Montana’s delegates have voted for a bipartisan bill which would block the Environmental Protection Agency’s Waters of the United States rule.
Congressman Ryan Zinke is calling WOTUS an “unconstitutional abuse of executive power.” Although not delving into specific flaws, Zinke fears that WOTUS will harm the economy by negatively impacting farmers, ranchers and builders in the Big Sky state.
Senator Steve Daines addressed more specific concerns on WOTUS in November 2015.
He cited the hefty bill that comes with the Act, an estimated $158 million and $465 million a year in indirect costs. For farmers, he says, WOTUS could results in fees for assessments and permits when working areas like gullies and ditches.
The terminology here is something that Nebraska Cattlemen have voiced concern over. Language like “ditches” are broad they said, and can lack clarity for farmers and ranchers. Terms mentioned in WOTUS in general they found arbitrary, asking for them to be removed.
Daines also said in his speech that WOTUS gives the EPA unprecedented power to regulate water and land in Montana, effectively taking away control from farmers and ranchers.

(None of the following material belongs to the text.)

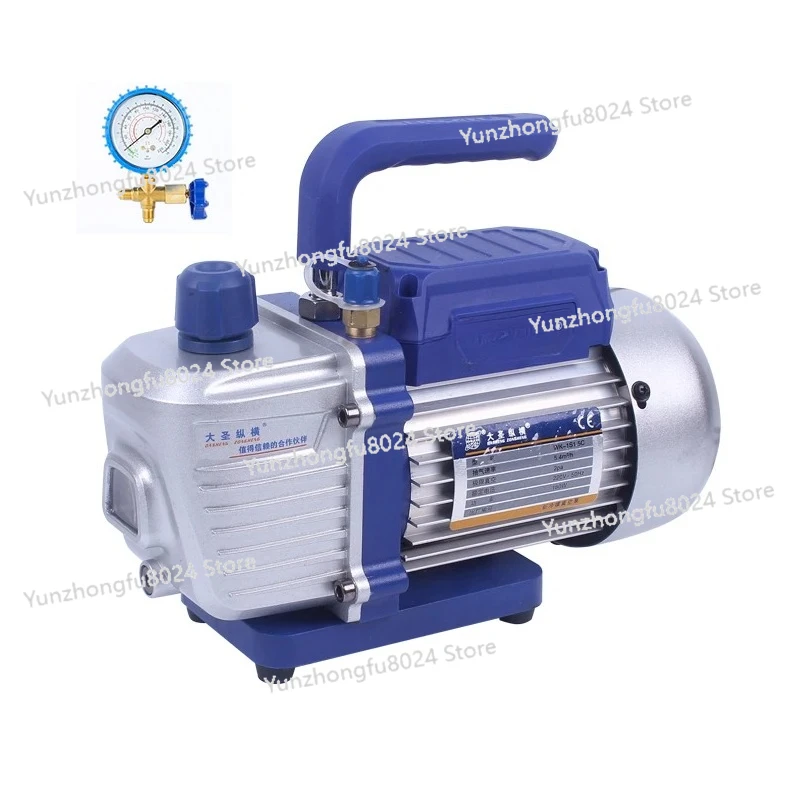 

Vacuum Pump 1L/2L/3L/4L mini air conditioning vacuum fluorine meter Pump Fluorine Meter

Championed by the EPA and the U.S. Department of the Army, WOTUS would redefine the scope of waters protected under the Clean Water Act. According to the EPA the measure is to ensure public health, protect aquatic resources and increase the CWA’s predictability and consistency through clarification of water bodies protected.
The EPA and Corps state that their goal is to clarifying their jurisdiction, not to expand it. In changing the definition of "waters of the United States" this may included new bodies of water, while excluding currently regulated one.
Montana Senator Jon Tester sides with the act, saying "“WOTUS is written with the intention of keeping our water clean, but it’s critically important that EPA implement the rule correctly. Clean water is too vital to Montana’s economy and to the health of our communities to get this wrong.”
The CWA gives the government jurisdiction over navigable bodies of water. WOTUS looks to clear up terminology and what constitutes as navigable water.
In 2015 a U.S. District Court judge in North Dakota issued a temporary injunction against WOTUS. Montana is one of 13 states that will receive this injunction.
As of Jan. 13, both the House and Senate have passed a joint resolution to combat the EPA's act.